On the great market-place at Naples, the scene of so many tragedies and so many disturbances, stood a miserable cottage, with nothing to distinguish it from the others but the name and arms of Charles V, which were placed on the front wall. Here a poor fisherman lived, Tommaso Aniello, generally called by the abbreviated name of Masaniello. His father, Francesco or Cicco, came from the coast of Amalfi, and had married in 1620 Antonia Gargano, a Neapolitan woman.
In the Vico Rotto, by the great market, which is only inhabited by the poorest people, and where the pestilence began in the year 1656, four months later, the son was born who was destined to act so remarkable a part. Tommaso Aniello was baptized in the parish church of Sta. Catherina in Foro on June 20, 1620. On April 25, 1641, he married Bernardina Pisa, a maiden from the neighborhood of that town. Their poverty was so great that often Masaniello could not even follow up his trade of a fisherman, but earned a scanty livelihood by selling paper for the fish to be carried in. He was of middle height, well made and active; his brilliant dark, black eyes and his sunburnt face contrasted singularly with his long, curly, fair hair hanging down his back. Thus his cheerful, lively conversation agreed but little with his grave countenance. His dress was that of a fisherman, but as he is, in general, considered a remarkable person — whatever may be thought of the part he performed — so he understood, in spite of the meanness of his attire, by his arrangement and his choice of colors, to give it a peculiarity that stamped it in the memory of his contemporaries. The life of this remarkable man — a nine-days’ history — clearly shows us that he possessed wonderful presence of mind and a spirit that knew not fear.

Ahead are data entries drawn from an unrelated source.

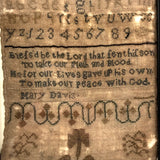 Mary Davis' Early Sampler with Flame Stitch, Alphabets, Flower and Verse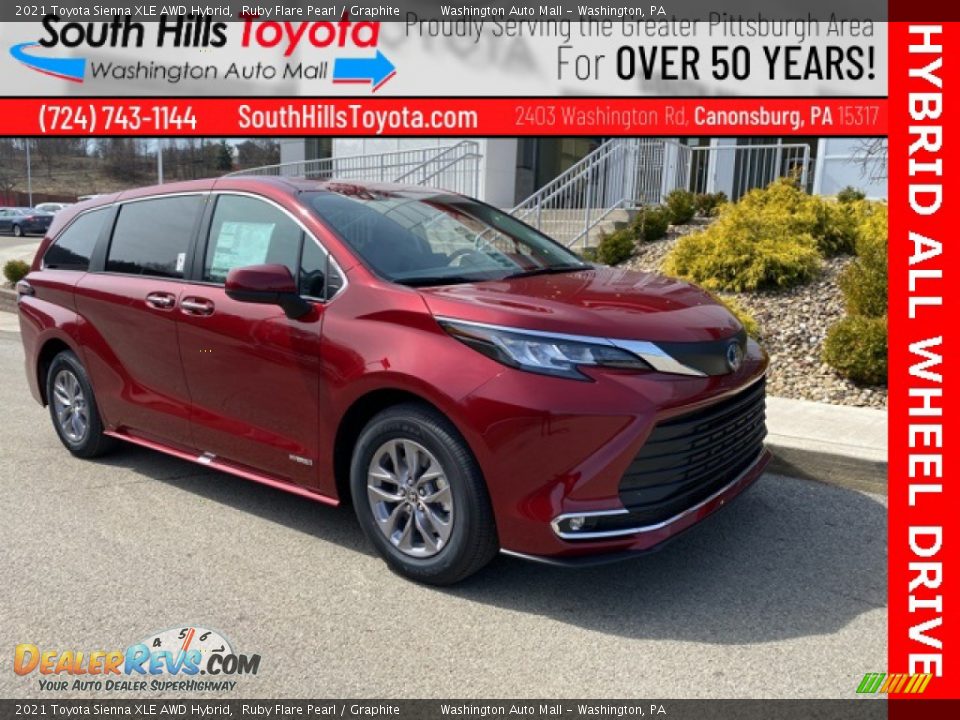 2021 Toyota Sienna XLE AWD Hybrid Ruby Flare Pearl / Graphite Photo #1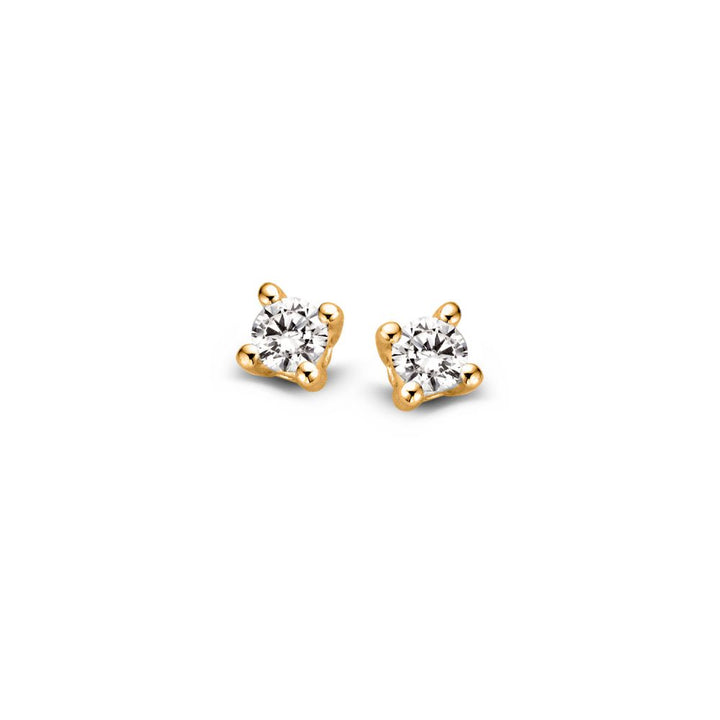 Geelgouden Solitair Oorknoppen met 2x 0,05 crt Diamant – 14 Karaat Goud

It happened, once, in the midst of the discontent which was everywhere excited by the exorbitant increase of taxation, that Masaniello’s wife was detained by the keepers of the gate while she was endeavoring to creep into the town with a bundle of flour done up in cloths to look like a child in swaddling-clothes. She was imprisoned, and her husband, who loved her much, only succeeded in obtaining her liberation after eight days. Almost the whole of his miserable goods went to pay the fine which had been imposed upon her. Thus hatred was smouldering in the mind of Masaniello, and the flame was stirred when he — it is not known how — quarrelled with the Duke of Maddaloni’s people and was ill used by them in an unusual manner. Then the idea seems to have occurred to him to avenge himself by the aid of the people.
Many have related that instigators were not wanting. Giulio Genuino is named, formerly the favorite of the Duke of Ossuna, who, after he had encountered the strangest fate, and after wearing the chain of a galley slave at Oran on the coast of Barbary, had returned an aged man, in the habit of an ecclesiastic to his native country, meditating upon new intrigues as the old ones had failed; also a captain of banditti and a lay brother of the Carmine, who gave Masaniello money, were among the conspirators. Perhaps all this was only an attempt to explain the extraordinary fact. This much only is known with certainty, that Masaniello sought to collect a troop of boys and young people, who, among the numerous vagrant population, thronged the market and its neighborhood from the adjacent districts, as whose leader he intended to appear, as had often been done before, at the feast of the Madonna of Carmel, which takes place in the middle of July.